Cornell II Program
Cornell University, Ithaca, New York
June 23 – August 3, 2019
Faculty: La TaSha Levy, University of Washington, and Nicole Burrowes, University of Texas at Austin
Factotum: Jenny Zhang, Ohio State University
This seminar examines one of the most radical moments in civil rights history—the 1964 Mississippi Project. Widely known as “Freedom Summer,” this civil rights campaign organized a multi-faceted program that challenged white supremacy in education and racial terror in the community through the establishment of Freedom Schools, voter registration drives, and an alternative political party called the Mississippi Freedom Democratic Party. Even more, Freedom Summer called on Black women and men from the community, many of whom were poor and uneducated, to lead their own movement.
It was during the Freedom Summer campaign that activists debated the merits of non-violence versus self-defense; the limits of charismatic male leadership; and the role of white allies in the struggle for Black freedom. In the face of extraordinary violence and economic deprivation, Black Mississippians waged one of the most powerful, yet understudied, movements in civil rights history, and they modeled the maxim that “ordinary people can accomplish extraordinary things.”

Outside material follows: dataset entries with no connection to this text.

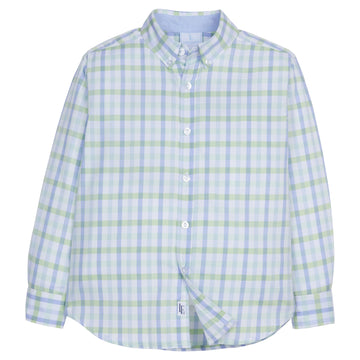 Little English traditional boy's button down for spring, blue and green plaid shirt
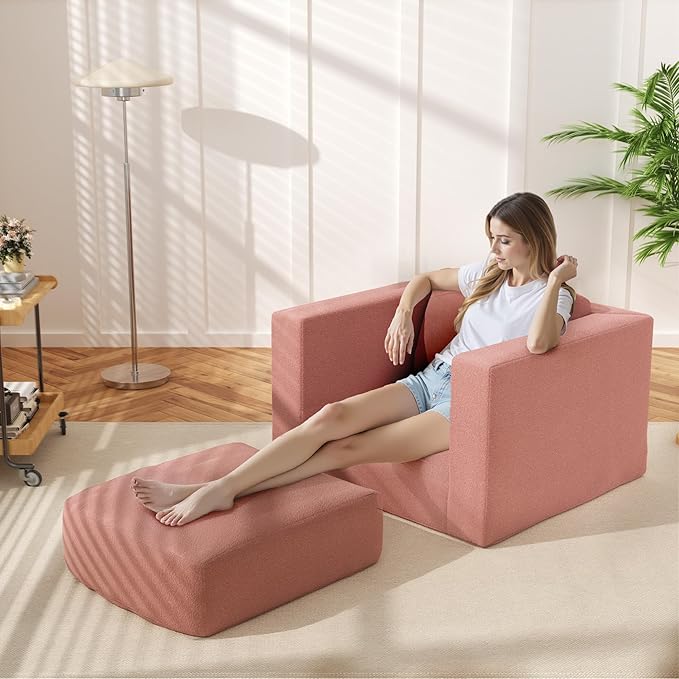 Bean Bag Chair, Large Beanbag Chair for Adults, Comfy Foam Floor Sofa with Pillows and Armrests, Plush Chair Bean Bag Couch for Bedroom Living Room, (Teddy Boucle Fabric, Pink)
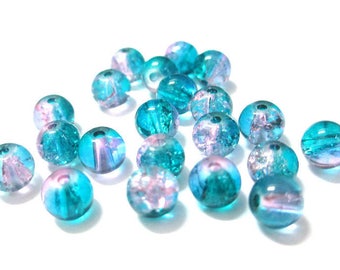 20 pink and blue 6mm Crackle glass beads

Using primary sources, music, film, and scholarly texts, students will explore the 1964 Freedom Summer Project in order to understand diverse struggles, leadership styles, and competing interpretations of what it means to be free. Borrowing directly from the original Freedom School curriculum, students will contemplate the “myths of society” as well as theoretical and conceptual frameworks necessary for the creation of a just society. This course also seeks to draw connections through a roaming classroom format, in which we will occasionally gather at various historic sites in our surrounding community.